Below is a listing. Return the lines from the one that contains "ALMOHADA ONE PIECE | NAMI WANTED" to the one that contains "Messina-Taormina-Castelomola de bajo", both ends included, verbatim and with no pictures.

:: TASK INPUTS ::
○ ○ ○ ○ ○

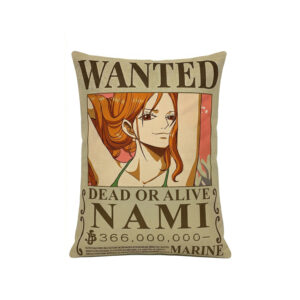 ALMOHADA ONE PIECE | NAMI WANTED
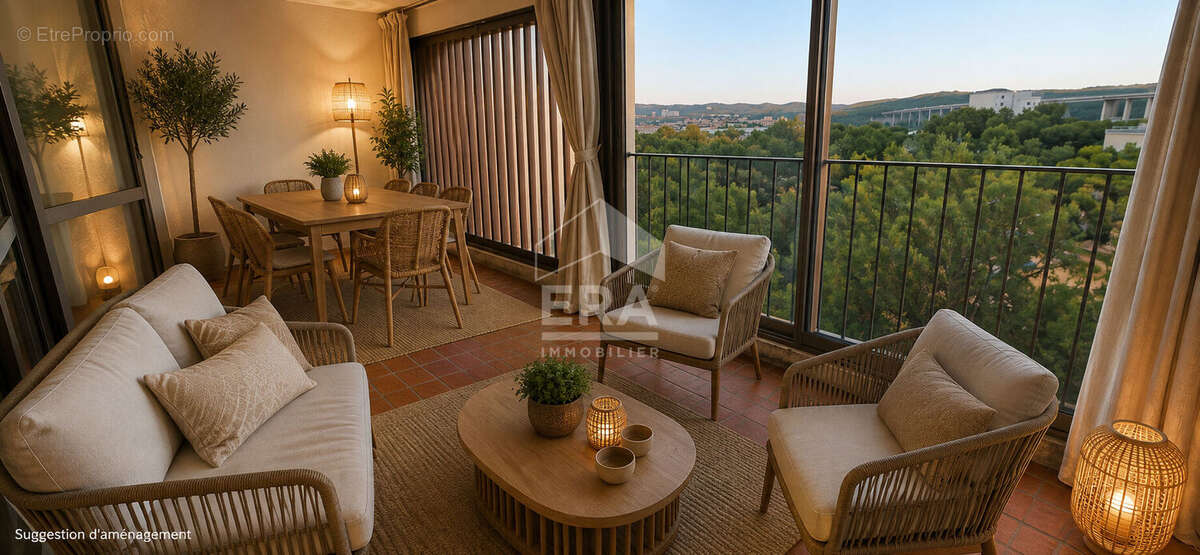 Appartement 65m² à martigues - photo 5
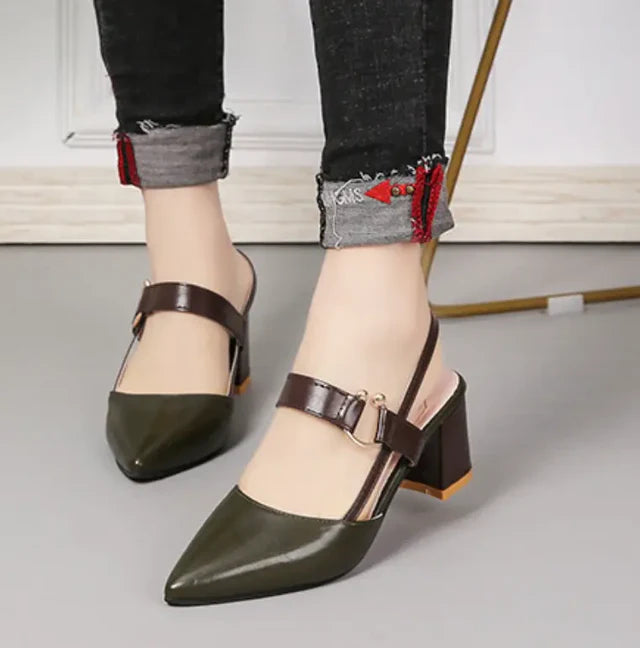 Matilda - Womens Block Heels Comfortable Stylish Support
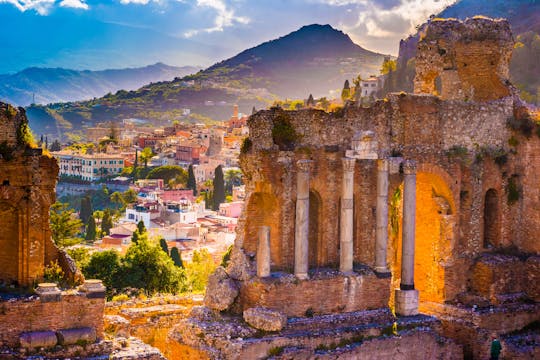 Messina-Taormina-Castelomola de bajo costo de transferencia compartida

○ ○ ○ ○ ○

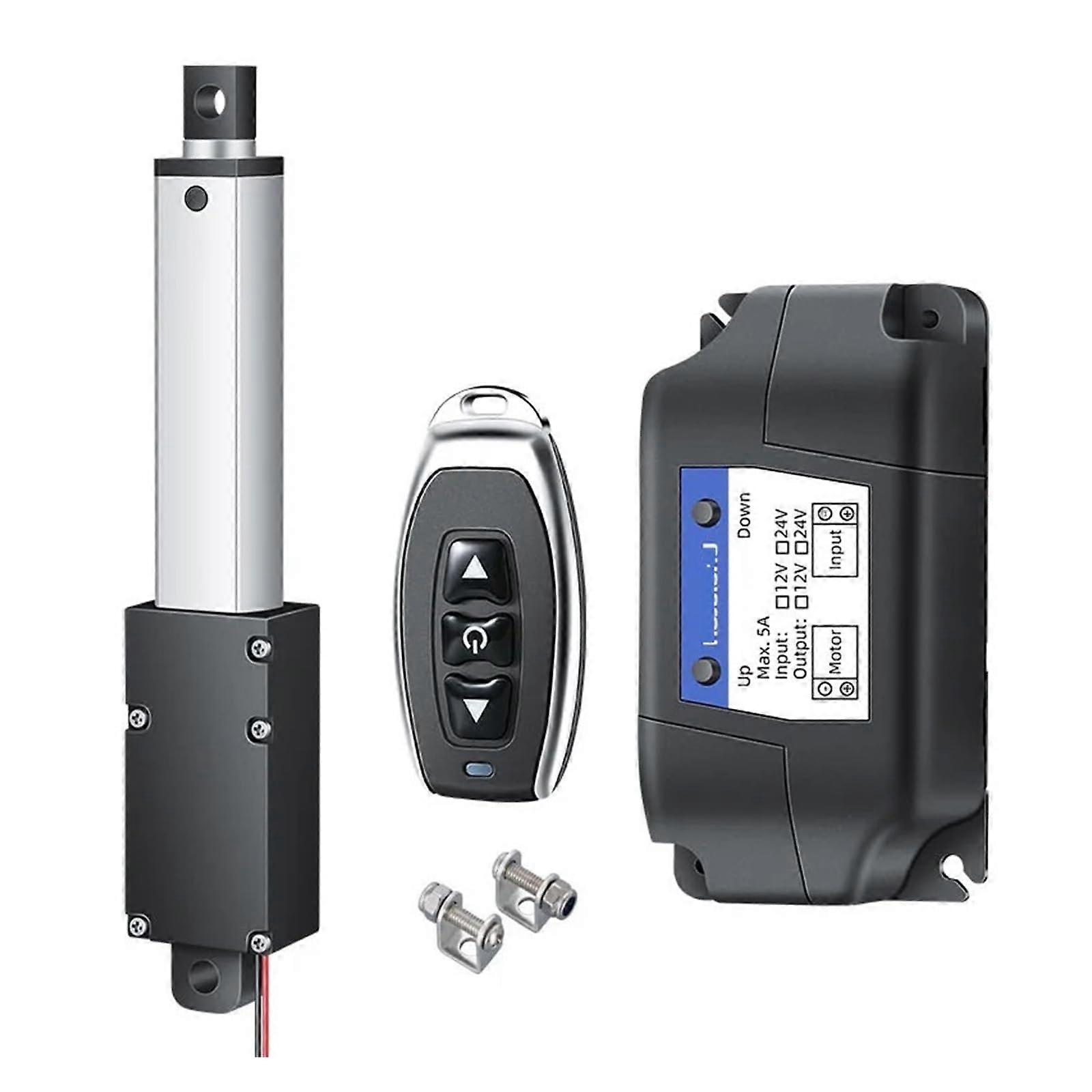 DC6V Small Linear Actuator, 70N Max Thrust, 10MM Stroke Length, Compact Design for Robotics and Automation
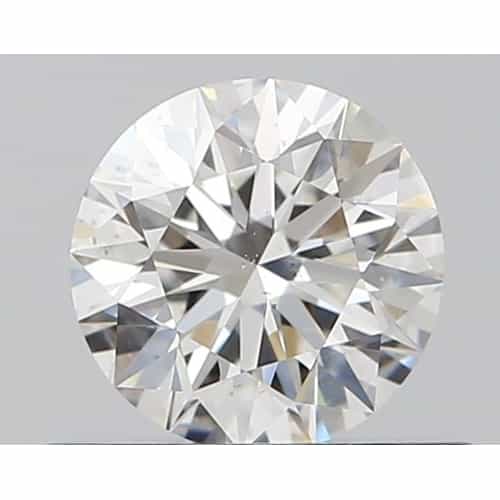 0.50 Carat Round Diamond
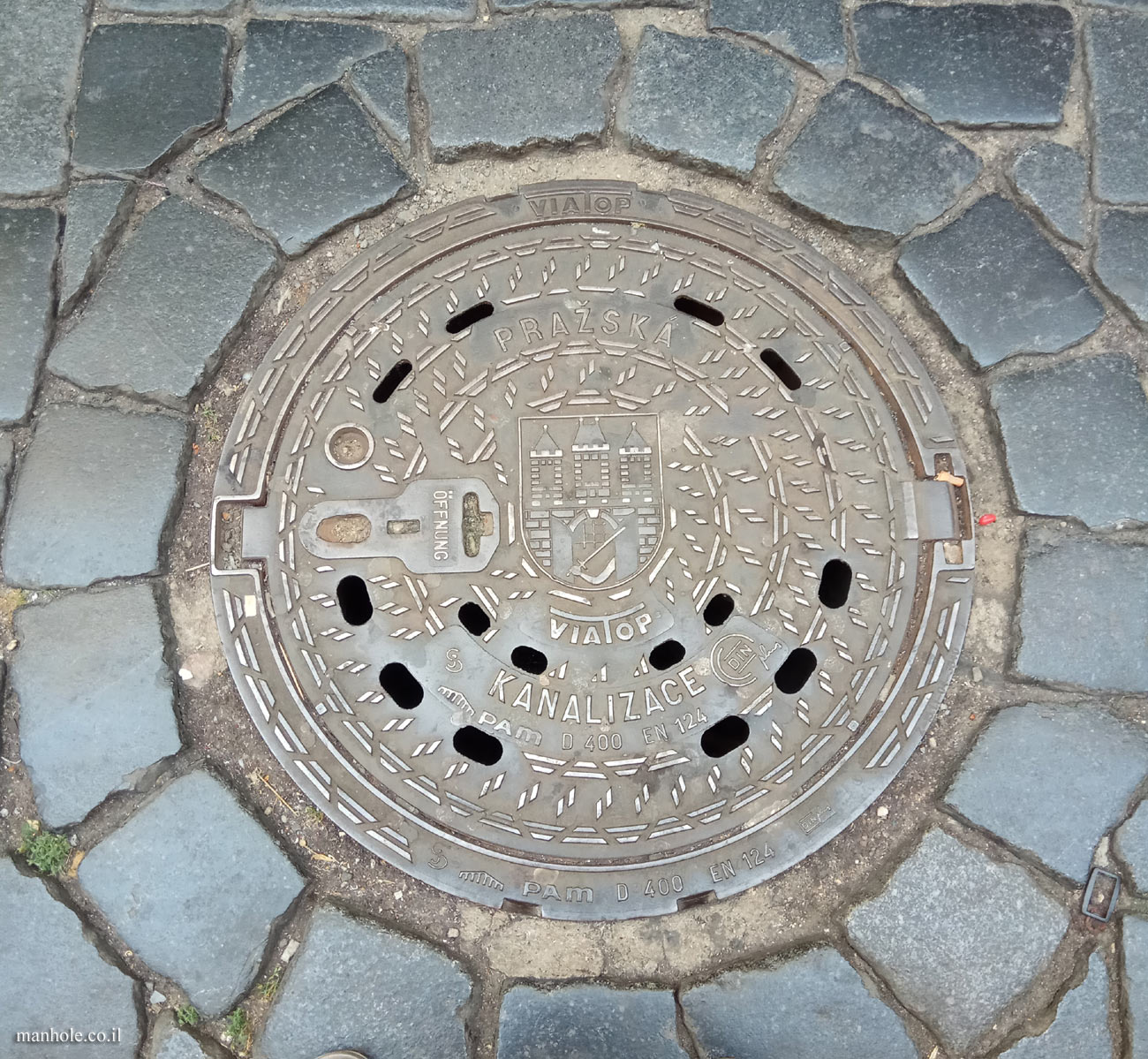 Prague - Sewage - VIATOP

○ ○ ○ ○ ○

:: RESPONSE FOR THIS EXERCISE ::
 ALMOHADA ONE PIECE | NAMI WANTED
 Appartement 65m² à martigues - photo 5
 Matilda - Womens Block Heels Comfortable Stylish Support
 Messina-Taormina-Castelomola de bajo costo de transferencia compartida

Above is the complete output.